== Data to examine ==
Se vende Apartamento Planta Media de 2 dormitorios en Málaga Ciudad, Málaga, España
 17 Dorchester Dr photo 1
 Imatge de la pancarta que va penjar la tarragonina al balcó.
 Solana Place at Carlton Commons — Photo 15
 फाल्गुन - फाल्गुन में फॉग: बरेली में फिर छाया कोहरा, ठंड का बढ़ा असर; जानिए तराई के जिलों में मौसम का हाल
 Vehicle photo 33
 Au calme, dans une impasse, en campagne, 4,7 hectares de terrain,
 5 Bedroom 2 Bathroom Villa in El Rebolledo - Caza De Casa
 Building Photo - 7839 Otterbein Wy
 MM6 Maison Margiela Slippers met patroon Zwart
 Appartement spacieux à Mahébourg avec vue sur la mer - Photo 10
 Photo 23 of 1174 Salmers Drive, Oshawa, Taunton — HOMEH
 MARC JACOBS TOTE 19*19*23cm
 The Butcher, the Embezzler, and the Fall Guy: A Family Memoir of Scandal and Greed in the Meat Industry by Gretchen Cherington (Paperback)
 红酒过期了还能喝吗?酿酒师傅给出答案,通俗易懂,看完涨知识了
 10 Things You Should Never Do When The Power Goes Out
===
The task:
Could you give again exactly the lines from the line containing "Photo 23 of" through the final line of the data above, and no others?

Output below:
 Photo 23 of 1174 Salmers Drive, Oshawa, Taunton — HOMEH
 MARC JACOBS TOTE 19*19*23cm
 The Butcher, the Embezzler, and the Fall Guy: A Family Memoir of Scandal and Greed in the Meat Industry by Gretchen Cherington (Paperback)
 红酒过期了还能喝吗?酿酒师傅给出答案,通俗易懂,看完涨知识了
 10 Things You Should Never Do When The Power Goes Out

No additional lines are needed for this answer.